数字を聞いてしまうと、それまでSVとして経営陣と現場を行き来するなかで、少しずつ気づき始めていた会社の問題点がいくつも頭に浮かんできました。

経営陣がやりたいことが下まできちんと届きづらい状況でした。組織として風通しが良くない。私と同じ立場の人たちが、自分の意見を言えていない状況だったのです。

ミーティングに関しても、本当に数字の羅列でしかなく、問題点が頭のなかに入ってきません。「前年対比◯%、いくらの売上で、いくらで着地しました。原価率◯%、人件費率◯%、◯%の着地です。◯◯店が%落ちたので、改善したいと思います」とただ数字を読み上げるだけ。現場で何が起きているのか、問題点は何で、どうすれば改善できるのか。そういった実のある会議からは程遠かったのです。

厚木店をはじめとする3つの新店舗についても、赤字にもかかわらず、運営方法などの問題点に対する効果的な改善策が議論されていないと感じていました。

私には、このままだと本当に会社が終わってしまう未来が見えていました。

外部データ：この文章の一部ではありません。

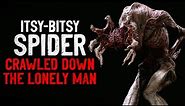 "Itsy-bitsy spider crawled up the lonely man" Creepypasta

何かしなければと焦りました。数字を聞いてから数日後、三ツ境店から金沢八景店に移動する乗換で横浜駅に降り立った際に、そのまま駅構内から専務に電話をかけました。

昼下がりで、ショッピング客や学生さんたちで駅構内は賑わっていたのを覚えています。電話がつながり、「どうしましたか」との問いかけに、私は一言、こう言ったのです。

「私を、意見の言える立場にしてください」

改善策をしつこく提案

切羽詰まった様子で「私を、意見の言える立場にしてください」と言う私に、専務は落ち着いた声で「それって役員になるということですよね。それは無理ですね」とおっしゃいました。「何の数字も出していないのに、それは無理です」と。

その言葉を聞いて少し落ち着き「まあ、そうだろうな」と思いました。同時に、全社的にそこまで落ち込んでいる時に、私が1人で数字を出すことは不可能だとも思いました。

ビジネスにおける数字とはいろいろな積み重ねの結果で出てくるもの。一朝一夕で逆転できるものではありません。

でもそれ以上、言葉が出てこず、私は「わかりました」と電話を切りました。

私はその後も諦めませんでした。数回にわたり、専務にメールで改善策を送りました。

再建の道筋を考えて、苦手なエクセルで収支予測表を作成して提出しました。運営会社が変わってから人件費が伸びている問題点などを指摘し、自分なりの改善策を提案しました。

また、物流コストを抑えるためにドミナント戦略を検討すべきとも提案しました。ドムドムハンバーガーは国内に店舗が点在していて、物流コストがかかってしまっていたのです。例えば当時、九州には2店舗しかありませんでした。そこへの物流コストがプラス何十万とかかっていました。遠隔地のため宅配便で配達していたので、余分なコストがかかっていたのです。